ABOUT THIS TASK – A precise copy of the data is required, with every picture left out.

DATA SHOWN –
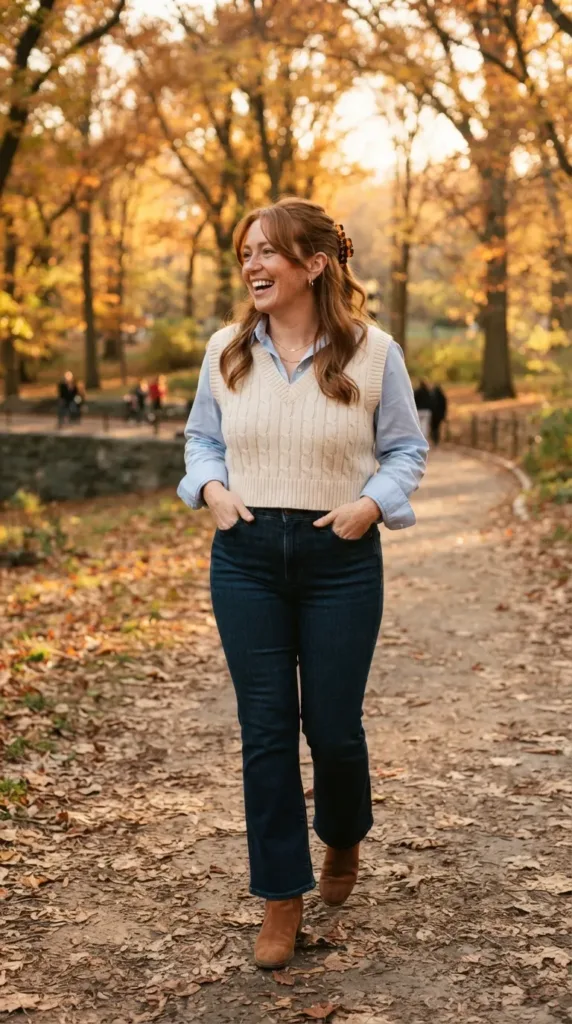 Petite curvy woman in a cream cropped sweater vest, blue shirt, and dark kick-flare jeans with cognac boots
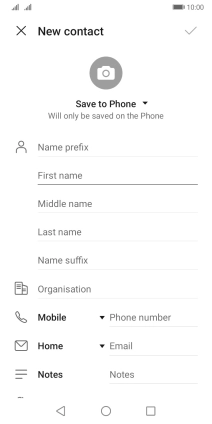Press First name and key in the required first name.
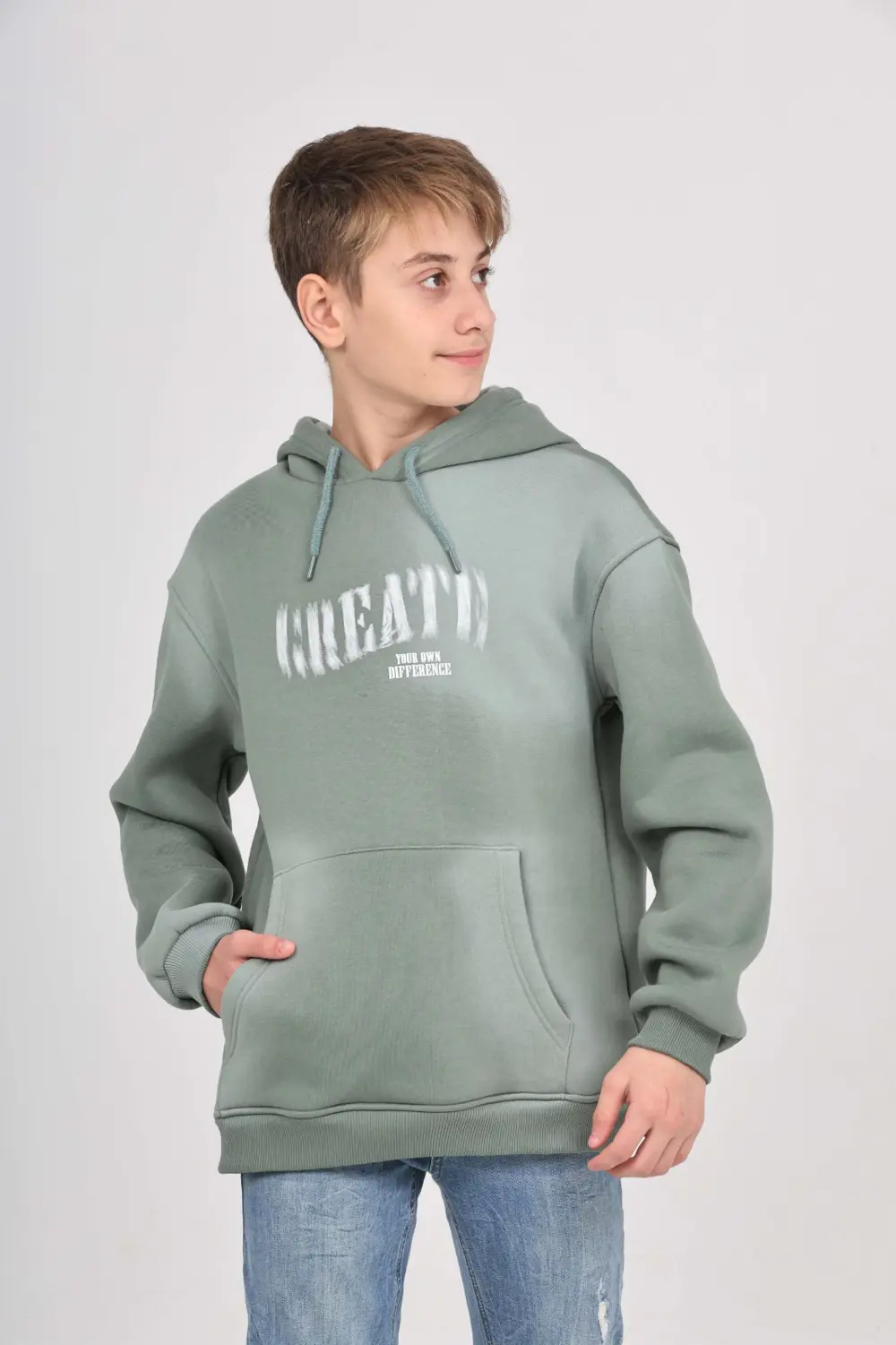 Toontoy Erkek Çocuk Relax Fit Kapüşonlu Cepli Baskılı Sweatshirt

RESULT BELOW –
 Petite curvy woman in a cream cropped sweater vest, blue shirt, and dark kick-flare jeans with cognac boots
Press First name and key in the required first name.
 Toontoy Erkek Çocuk Relax Fit Kapüşonlu Cepli Baskılı Sweatshirt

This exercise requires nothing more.